---------- DATA EXCERPTS

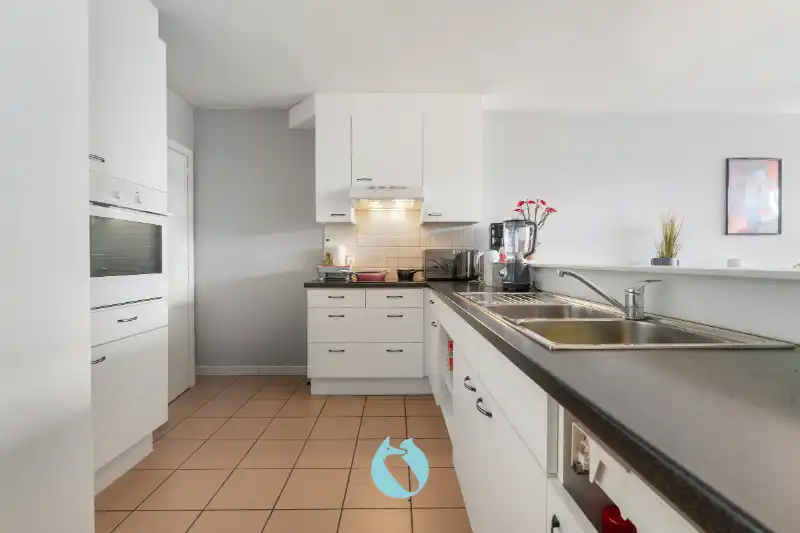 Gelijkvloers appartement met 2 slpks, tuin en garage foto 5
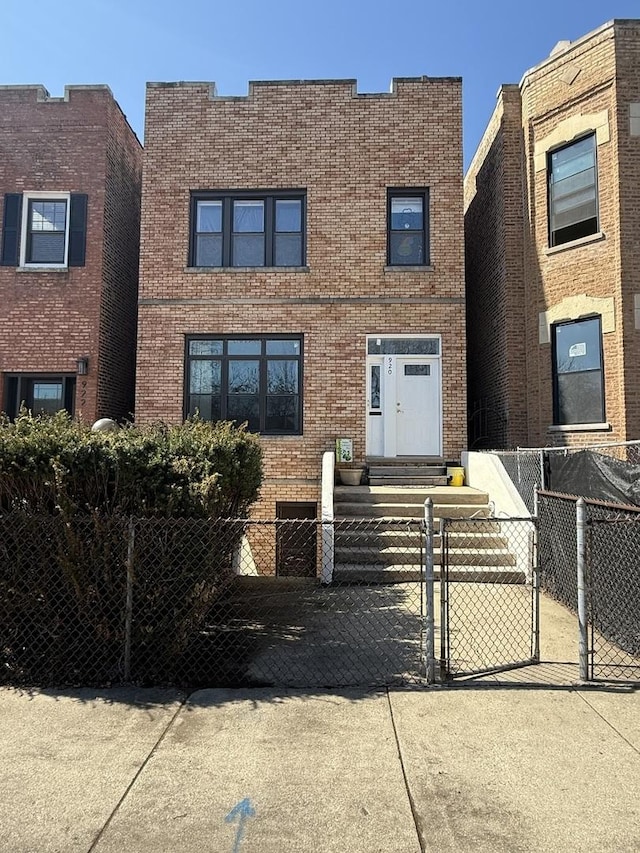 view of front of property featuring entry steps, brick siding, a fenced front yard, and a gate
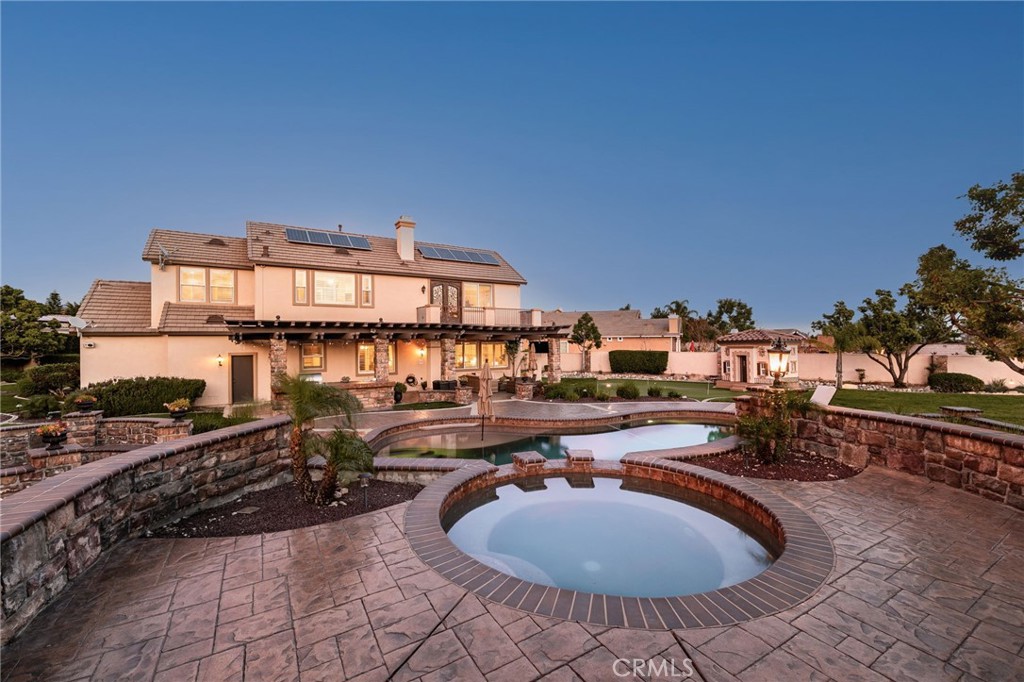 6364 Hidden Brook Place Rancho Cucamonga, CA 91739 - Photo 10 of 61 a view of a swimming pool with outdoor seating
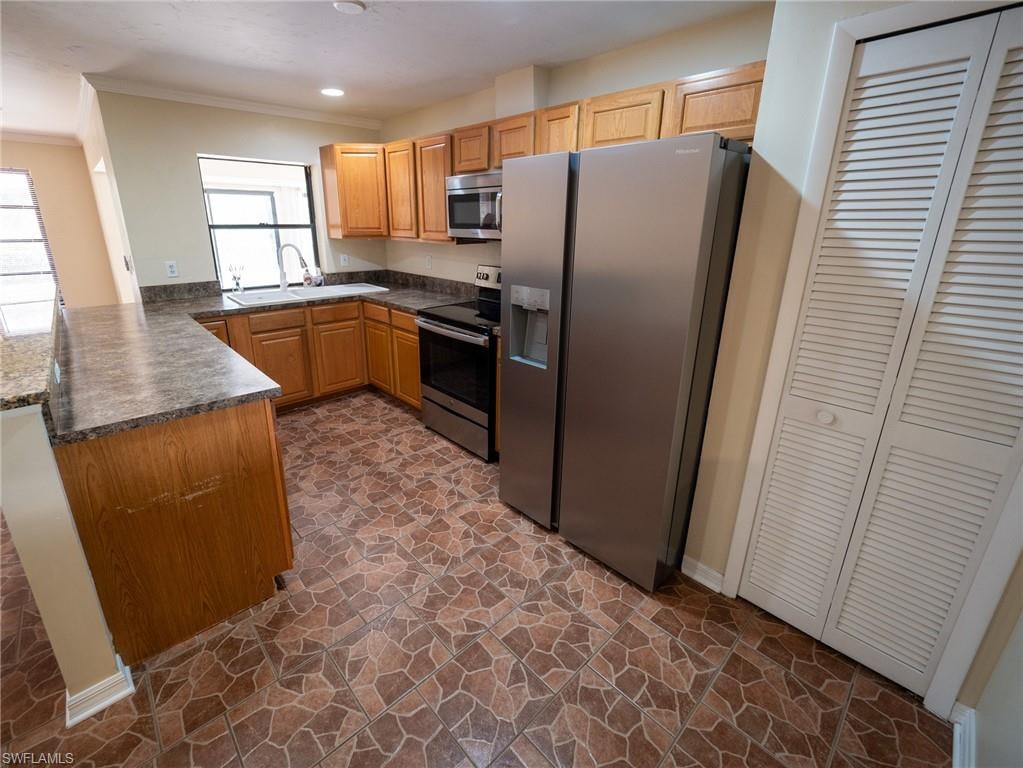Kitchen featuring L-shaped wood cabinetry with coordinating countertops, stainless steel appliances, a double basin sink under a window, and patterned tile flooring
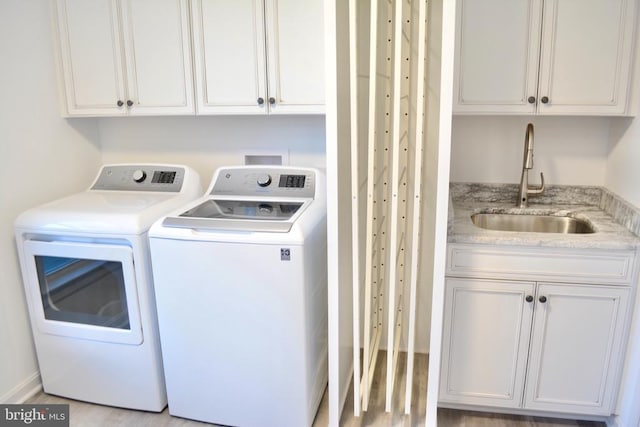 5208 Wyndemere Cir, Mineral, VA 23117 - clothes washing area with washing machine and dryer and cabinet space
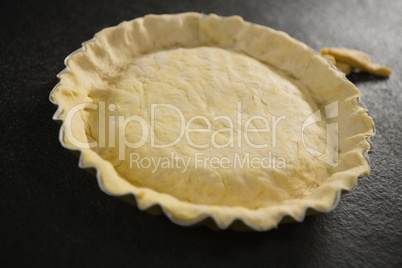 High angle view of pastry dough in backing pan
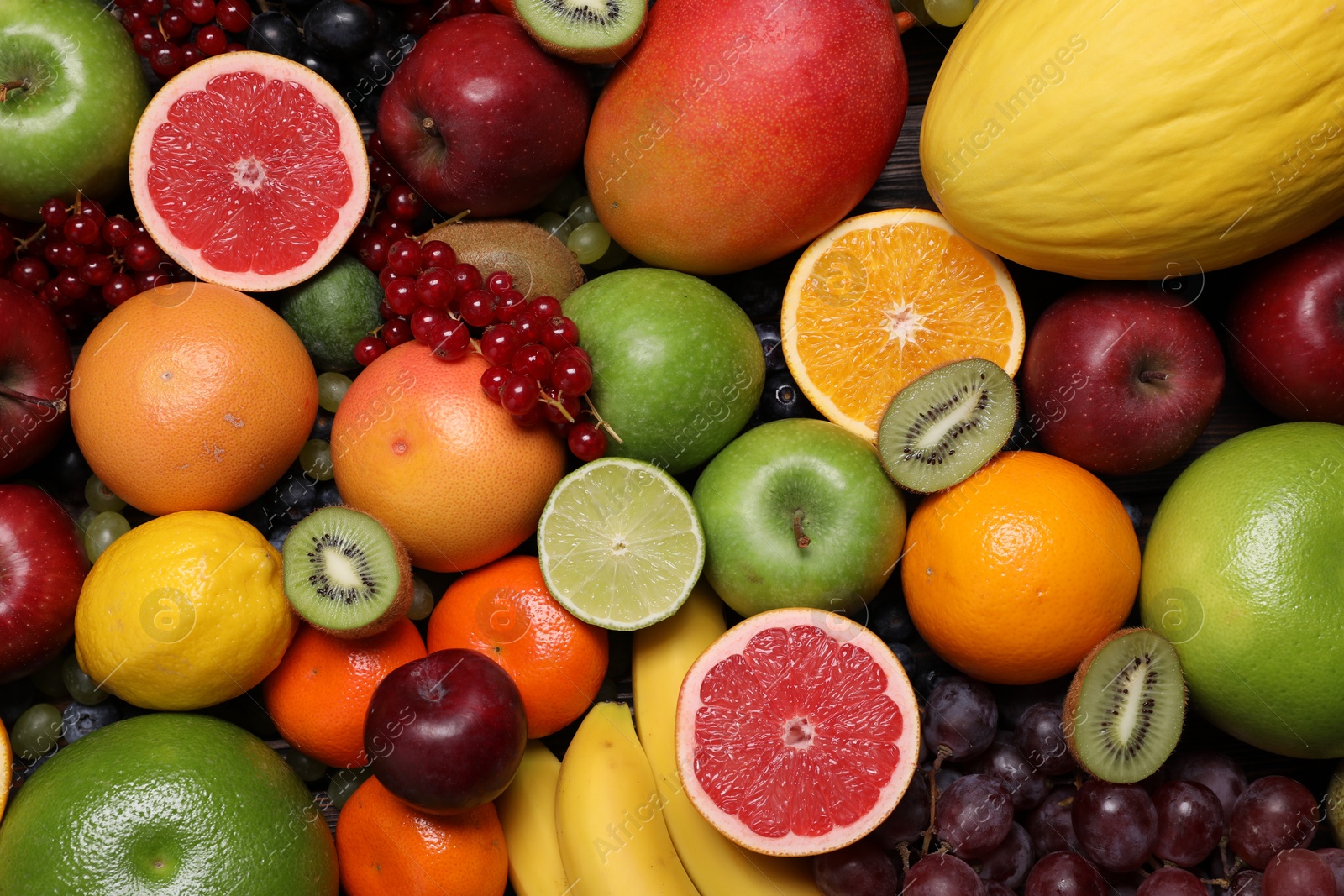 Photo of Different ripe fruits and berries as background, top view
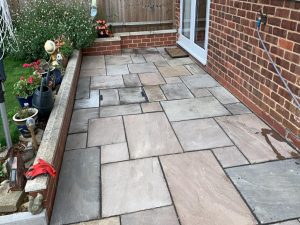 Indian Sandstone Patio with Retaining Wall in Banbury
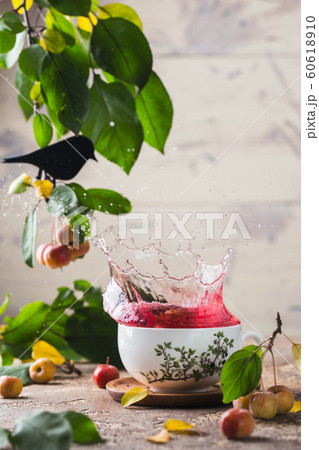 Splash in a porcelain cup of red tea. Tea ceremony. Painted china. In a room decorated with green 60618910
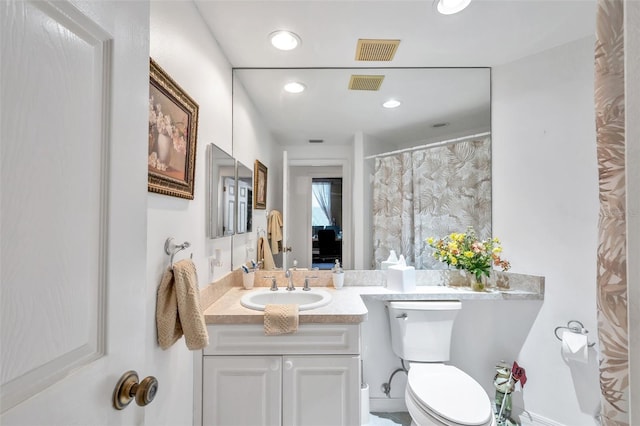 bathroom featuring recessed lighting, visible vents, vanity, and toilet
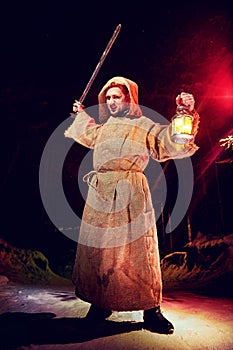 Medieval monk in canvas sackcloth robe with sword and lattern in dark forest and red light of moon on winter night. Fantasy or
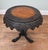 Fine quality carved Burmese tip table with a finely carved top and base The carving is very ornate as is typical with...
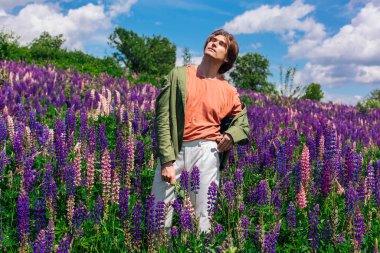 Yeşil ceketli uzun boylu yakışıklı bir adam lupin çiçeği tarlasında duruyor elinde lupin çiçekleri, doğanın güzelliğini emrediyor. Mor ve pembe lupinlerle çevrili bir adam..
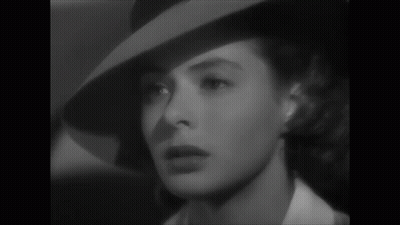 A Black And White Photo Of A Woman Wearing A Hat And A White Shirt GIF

--------------------

The records above must be output exactly, except for their pictures.

 Gelijkvloers appartement met 2 slpks, tuin en garage foto 5
 view of front of property featuring entry steps, brick siding, a fenced front yard, and a gate
 6364 Hidden Brook Place Rancho Cucamonga, CA 91739 - Photo 10 of 61 a view of a swimming pool with outdoor seating
Kitchen featuring L-shaped wood cabinetry with coordinating countertops, stainless steel appliances, a double basin sink under a window, and patterned tile flooring
 5208 Wyndemere Cir, Mineral, VA 23117 - clothes washing area with washing machine and dryer and cabinet space
 High angle view of pastry dough in backing pan
 Photo of Different ripe fruits and berries as background, top view
 Indian Sandstone Patio with Retaining Wall in Banbury
 Splash in a porcelain cup of red tea. Tea ceremony. Painted china. In a room decorated with green 60618910
 bathroom featuring recessed lighting, visible vents, vanity, and toilet
 Medieval monk in canvas sackcloth robe with sword and lattern in dark forest and red light of moon on winter night. Fantasy or
 Fine quality carved Burmese tip table with a finely carved top and base The carving is very ornate as is typical with...
 Yeşil ceketli uzun boylu yakışıklı bir adam lupin çiçeği tarlasında duruyor elinde lupin çiçekleri, doğanın güzelliğini emrediyor. Mor ve pembe lupinlerle çevrili bir adam..
 A Black And White Photo Of A Woman Wearing A Hat And A White Shirt GIF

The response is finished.